= Baroco =

Diagram of a Baroco syllogism

In Aristotelian logic, baroco is a mnemonic word used to memorize a class of syllogism. Specifically, it has the first proposition universal and affirmative, but the second and third particular and negative, and the middle term the attribute in the two first. For example,

Every virtue is attended with discretion.
Some kinds of zeal are not attended with discretion.
Therefore, some kinds of zeal are not virtues.

In the terminology of Aristotelian logic, a Baroco is one of the four syllogisms of the second figure of the nineteen modes (or one of the six syllogisms of the second figure of the twenty-four modes if the weakened modes are included).
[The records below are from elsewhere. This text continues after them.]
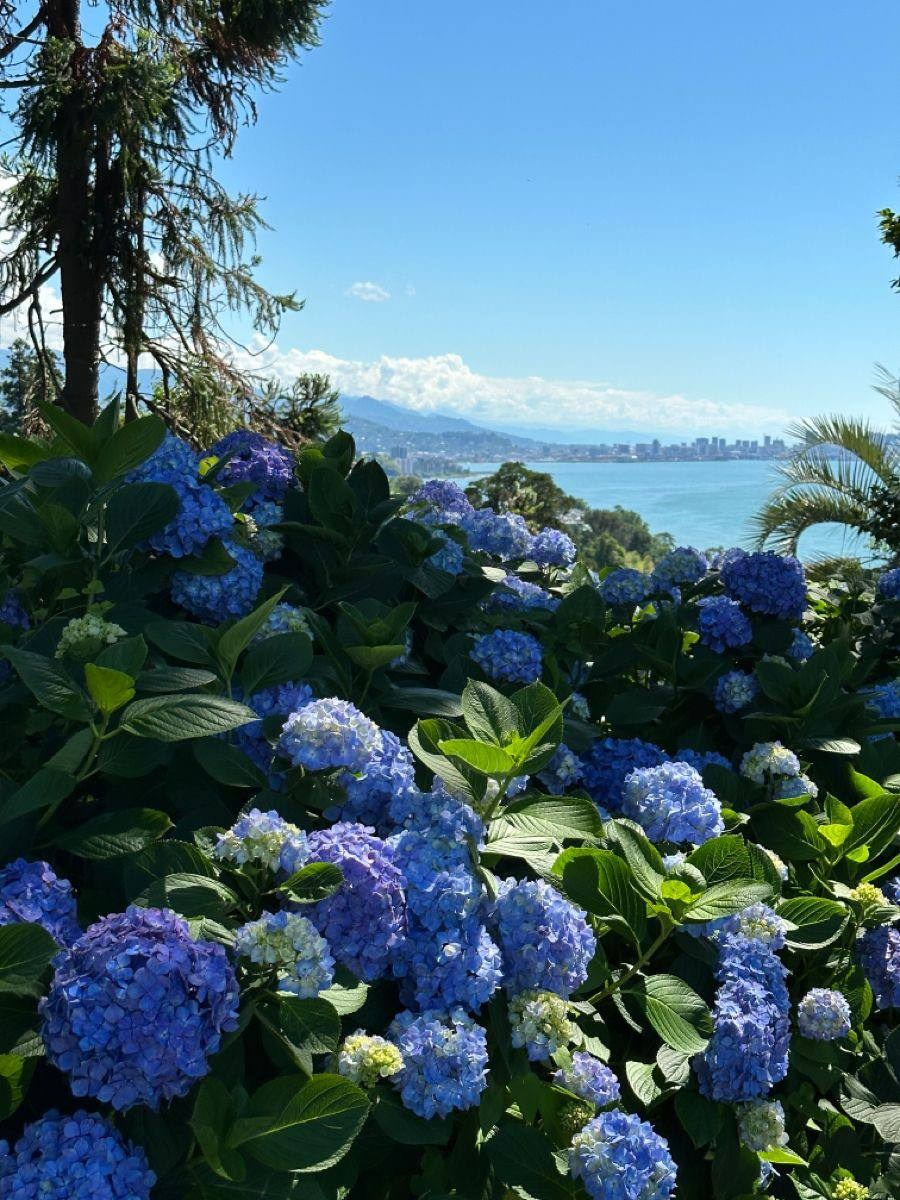 Romantic wedding ceremony in Batumi. Главная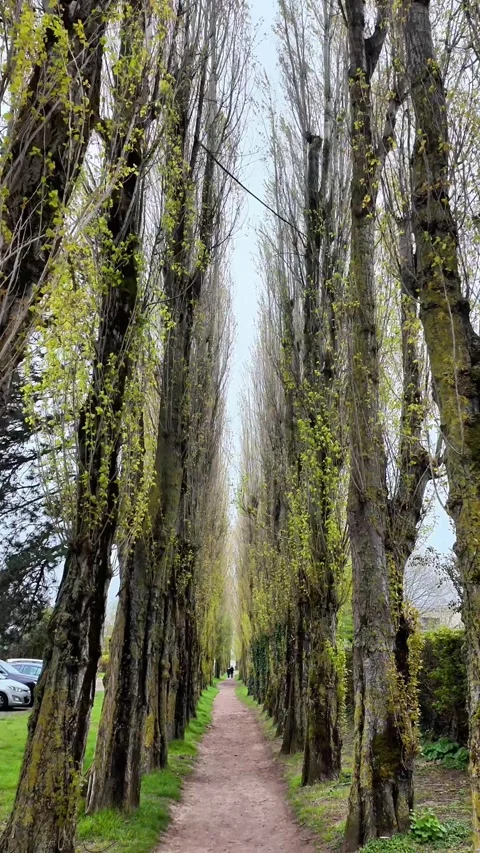 Low-angle static shot of a narrow dirt path flanked by tall, slender trees formi Vídeos de archivo 332860835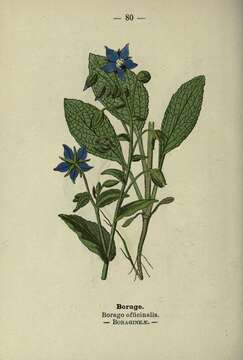 Image of borage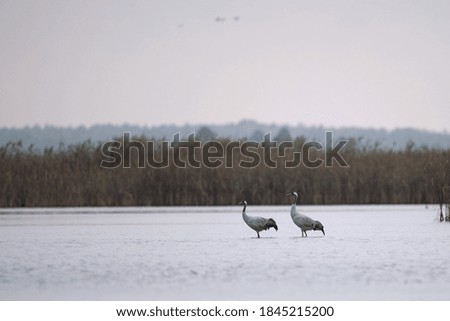 Common cranes on their night place. Cranes have stayed on the bank of the lake. Poland wildlife nature. Calm morning on the lake with cranes. 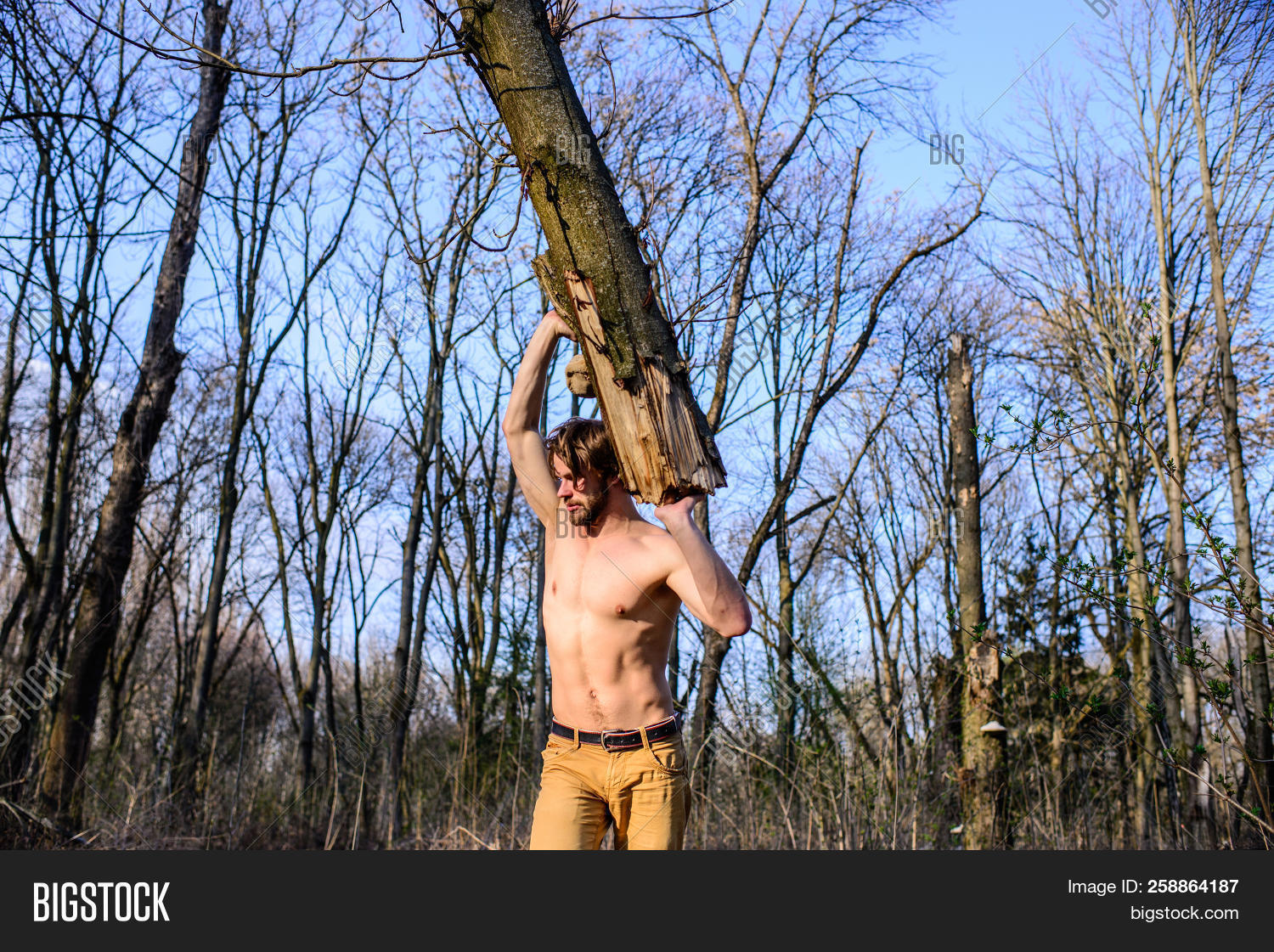 naked lumberjack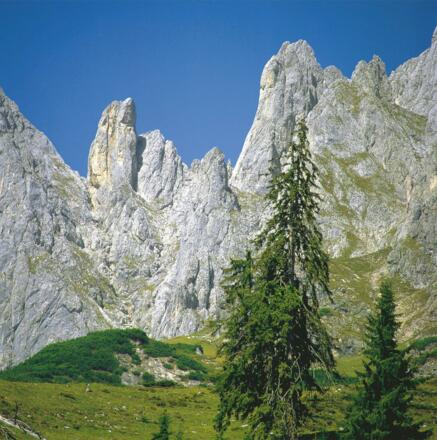 Arthurhaus Blick auf die Berge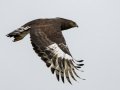 Long-crested Eagle- Midmar Nature Reserve, Howick ZA-KwaZulu-Natal -29.48860, 30.19191, Kwazulu-Natal, South Africa, Dec 14, 2024 Long-crested Eagle- Midmar Nature Reserve, Howick ZA-KwaZulu-Natal -29.48860, 30.19191, Kwazulu-Natal, South Africa, Dec 14, 2024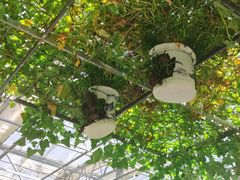 -中国农科院国家农业科技展示园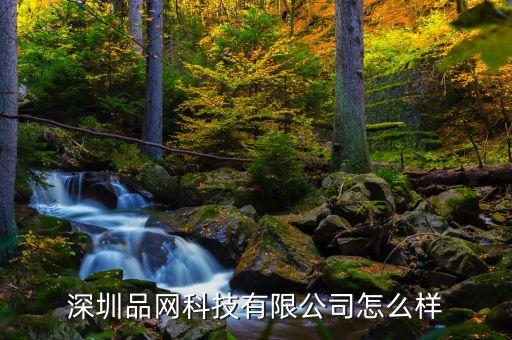 深圳品網(wǎng)科技有限公司怎么樣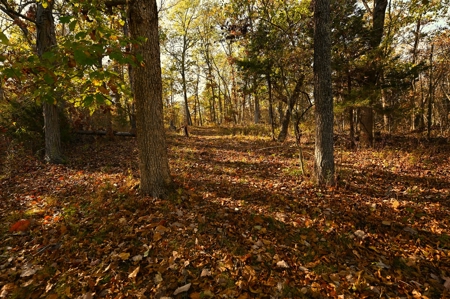 Land for Sale Stockton MO - image 45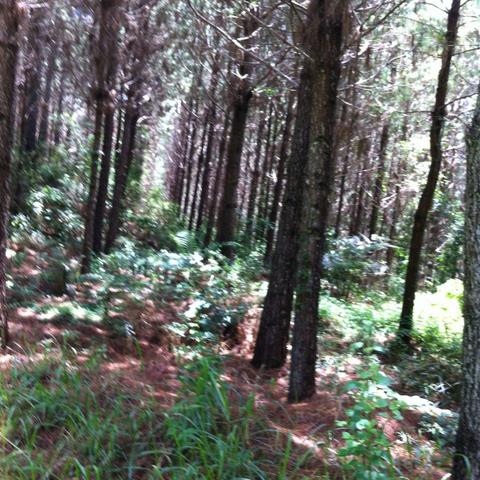 Fazenda em Cerro Azul - Foto 4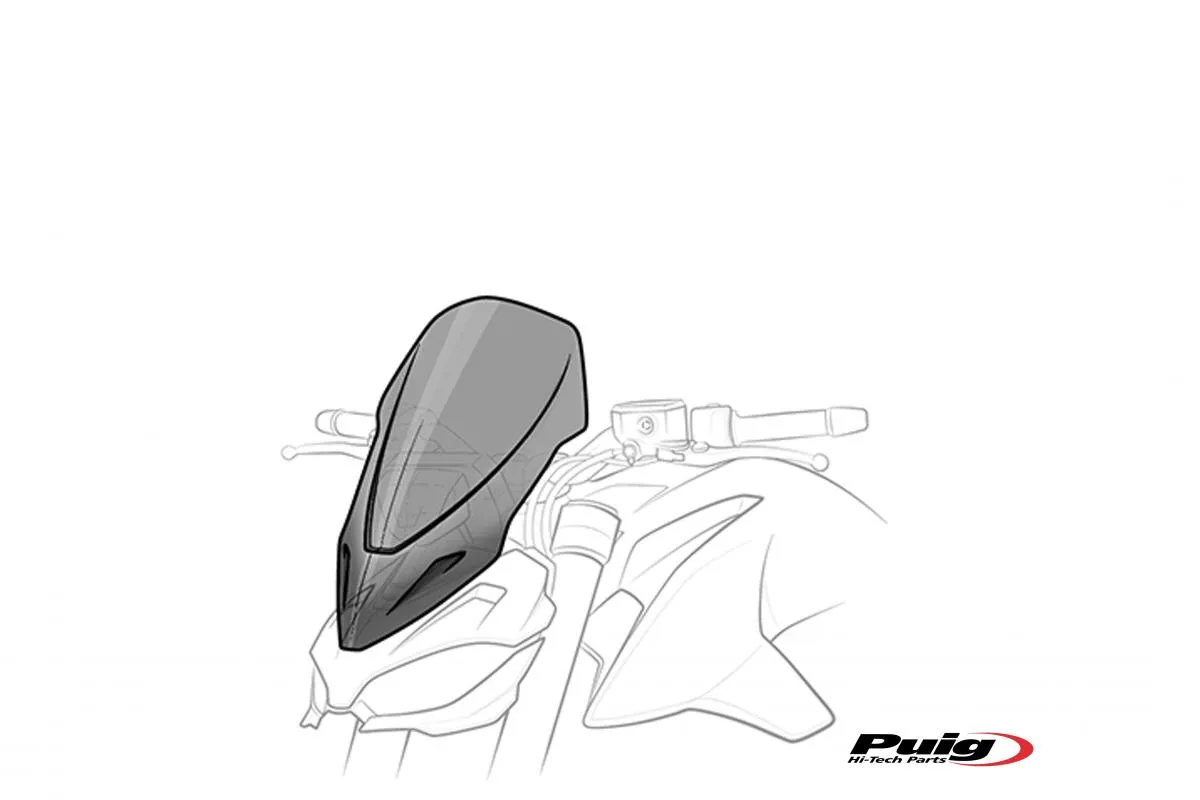 Produkt bilder Windshield New Generation Touring Kawasaki Z900 25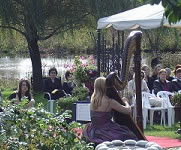 Wedding harpist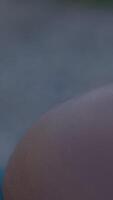 CloseUp of a Circular Shape Featuring Soft Focus and Subtle Color Gradients in Detail video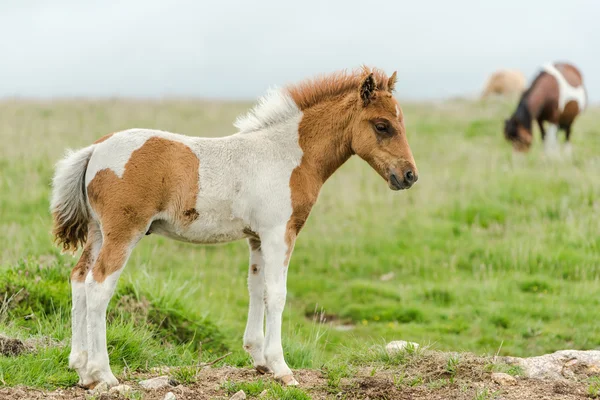 Jovem bebê cavalo pônei miniatura — Fotografia de Stock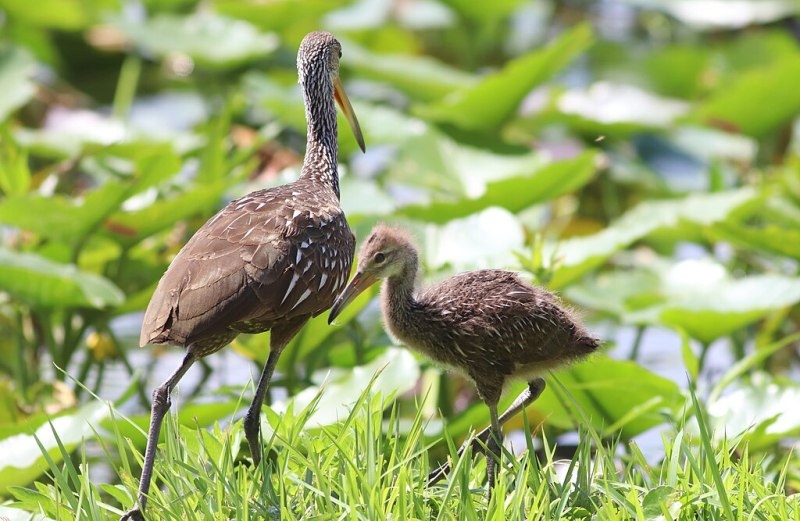 limpkin bird watching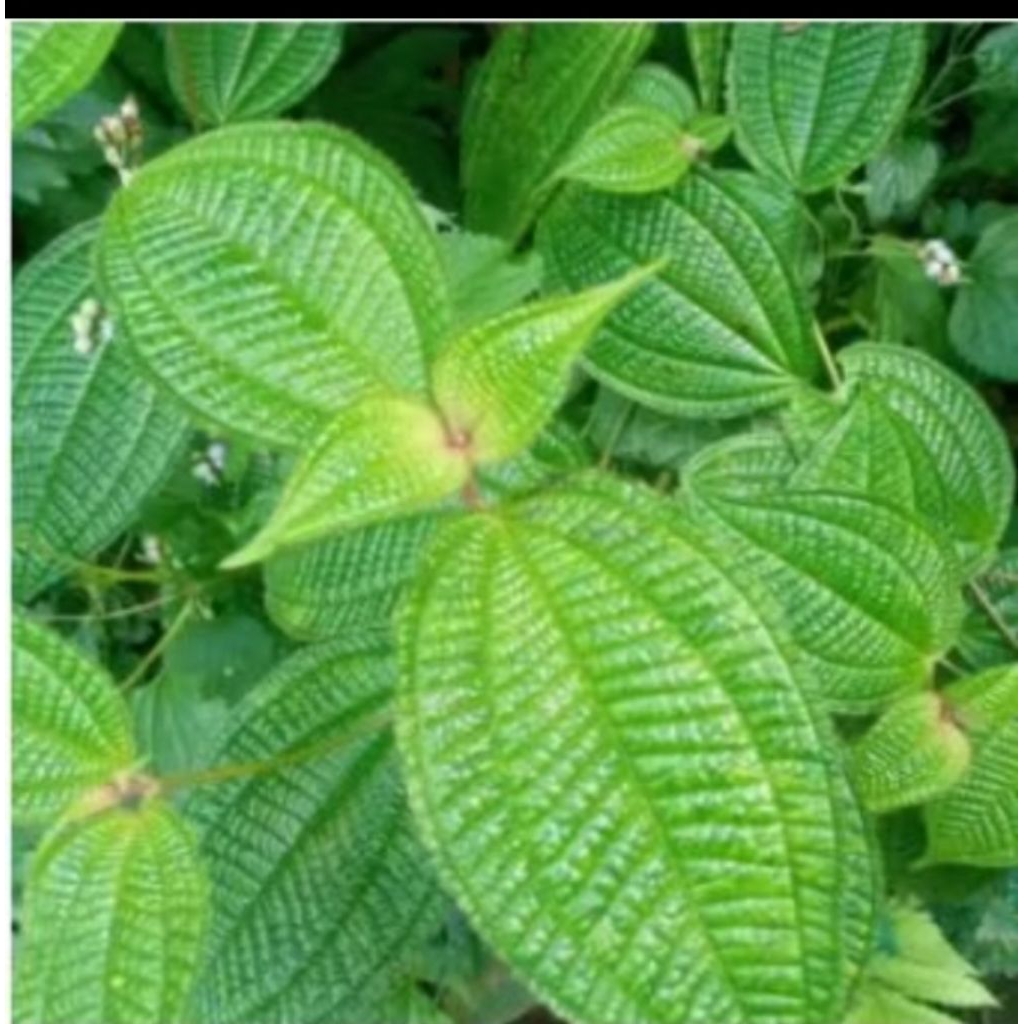 

DAUN HARENDONG BULU SEGAR 100 LEMBAR MURAH OBAT HERBAL. OBAT TRADISIONAL. OBAT ALAMI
It includes: a relation to a syllogism (Barbara) of the first figure of type B; major premise of type A; a minor premise of type O; the minor premise of the second figure (minor term/copula/middle term) of type C; a conclusion of type O; that is to say a universal major affirmative, a particular minor negative, and a particular negative conclusion.

A modern example of a Baroco syllogism is:

1. All saucers can be used as frisbees:
2. Some metal objects cannot be used as frisbees:
3. Therefore, some metal objects are not saucers.

==Baroco and Baroque==
In the 16th century the term Baroco moved beyond philosophy and began to be used to describe anything that was overly and absurdly complex. The French philosopher Michel de Montaigne associated the term 'baroco' with "Bizarre and uselessly complicated." Other early sources associated the term with magic, complexity, confusion, and excess.

In the 18th century, the term was sometimes also used to describe music, and was not flattering. In an anonymous satirical review of the première of Jean-Philippe Rameau's Hippolyte et Aricie in October 1733, which was printed in the Mercure de France in May 1734, the critic wrote that the novelty in this opera was "du barocque", complaining that the music lacked coherent melody, was unsparing with dissonances, constantly changed key and meter, and speedily ran through every compositional device.

In 1762, Le Dictionnaire de l'Académie française wrote that the term could be used figuratively to describe something "irregular, bizarre or unequal."

Jean-Jacques Rousseau, who was a musician and composer as well as philosopher, wrote in 1768 in the Encyclopédie: "Baroque music is that in which the harmony is confused, and loaded with modulations and dissonances. The singing is harsh and unnatural, the intonation difficult, and the movement limited. It appears that term comes from the word 'baroco' used by logicians."